The draft Birmingham accounts for the year ended 31st March 2020 were presented to the city’s audit committee yesterday. The auditors have a duty to consider whether a council is providing good value for money with the public funds at its disposal. Two particularly serious instances where the Labour council failed in its duty to provide good value for money were presented to audit committee.
The Perry Barr Regeneration Scheme, which includes the athletes village for the Commonwealth Games (even though the council has been so slow, that it won’t be ready in time for the athletes to actually stay in it and are now having to use colleges and similar throughout the Midlands) has been controversial for a number of reasons. With costs increasing by £90m against an original budget of £493m, the auditors said “We have concluded that the projected cost overruns (more than 20% higher than the original planned cost) reported to Cabinet in March 2020, only nine months after the original ‘business case’ was approved, are demonstrative of inadequate financial planning in the development of the original ‘business case” and went on “ we have concluded that these matters are evidence of weaknesses in proper arrangements for understanding and using appropriate and reliable financial and performance information to support informed decision making and performance management.”
Cllr Meirion Jenkins, shadow cabinet member for finance and resources and member of the audit committee said " It is very disappointing that Labour controlled Birmingham has again failed to deliver value for money for Birmingham tax payers in a number of key areas.
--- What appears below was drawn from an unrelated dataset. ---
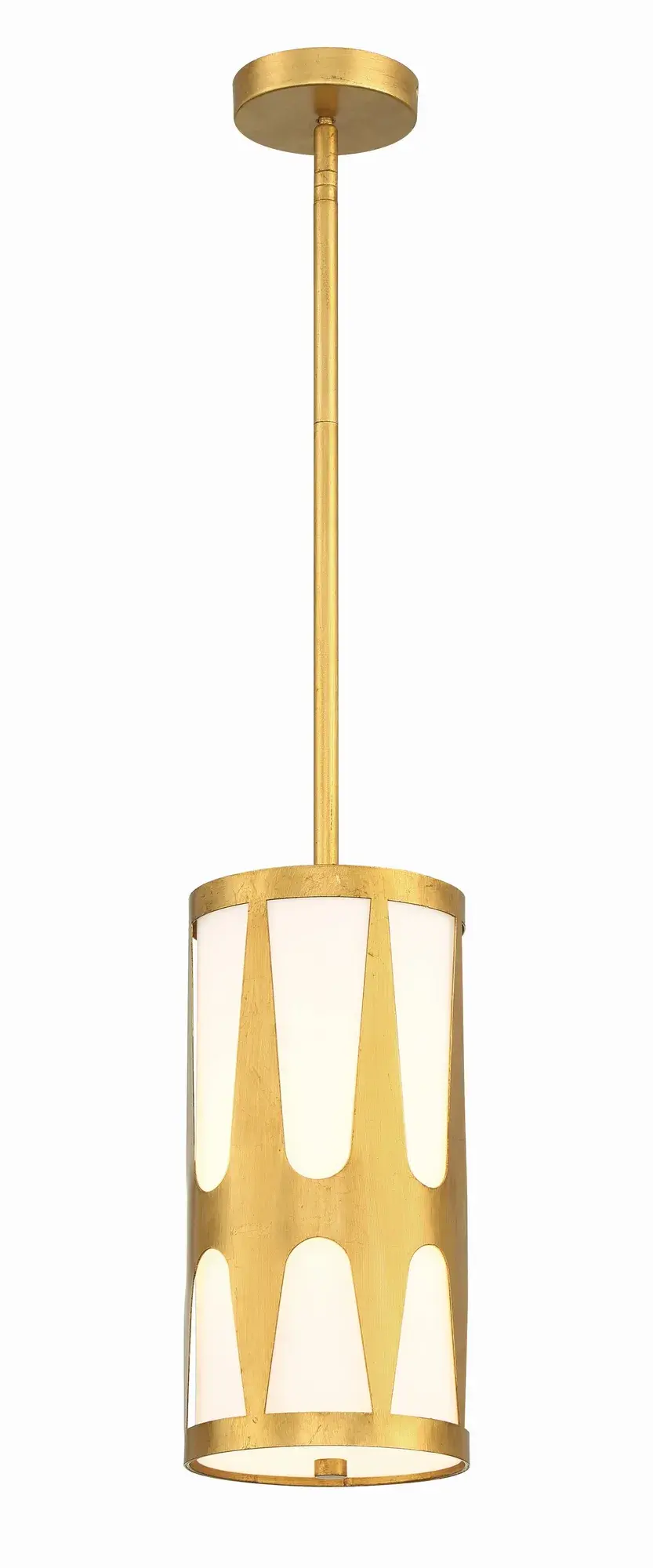 Royston 7" Mini Pendant in Black - Image 8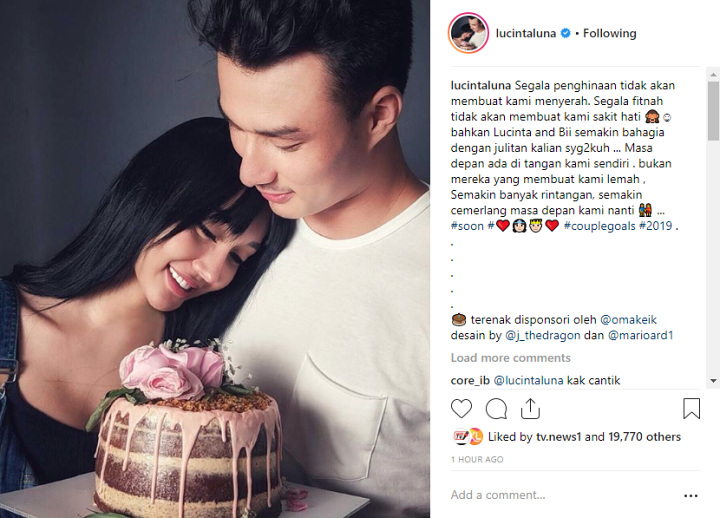 Lucinta Luna 'Fitnah' Richard Kyle, Umbar Kejutan dari Nicholas Saputra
This has become a regular feature of our published accounts. We pay very high council tax in Birmingham, which Labour is constantly increasing, and it's easy to see why with such inept financial management. "
Cllr Jenkins added “All this means Birmingham tax payers are going to end up paying even more for an athletes’ village that won’t even house a single athlete.”
The auditors went on to report on the management of the highways contract, which is being tendered following an acrimonious break down with the original contractor Amey. The auditors said “At the end of the financial year it was confirmed that the affordability gap in the contract was significantly more than had initially been thought. During 2019/20, and until the scale of the affordability gap was confirmed, the Council was making significant decisions regarding this issue knowing that the extent of the full financial challenge … was uncertain” and went on “ we have concluded that these matters are evidence of weaknesses in proper arrangements for understanding and using appropriate and reliable financial and performance information to support informed decision making and performance management.”
Cllr Simon Morrall, another member of audit committee said “The auditor’s findings report into the highways contract could hardly be more damming and it’s a real shame that we had to go into a private session to discuss it. Since 2010 the government has given this council roughly £1 million a week for highways maintenance and yet the sheer level of mismanagement within this department has been frankly appalling, leaving roads unrepaired and in a terrible state. It’s clearly top management to blame and, while the council themselves admit that the Amey contract was working well up until 2014, it has since then been abysmal, leading to the contract being pulled all together and the clock is now ticking for a replacement. I do hope that once this happens, the full report can be made public, so that tax payers can see for themselves the dreadful state this department was allowed to get into.”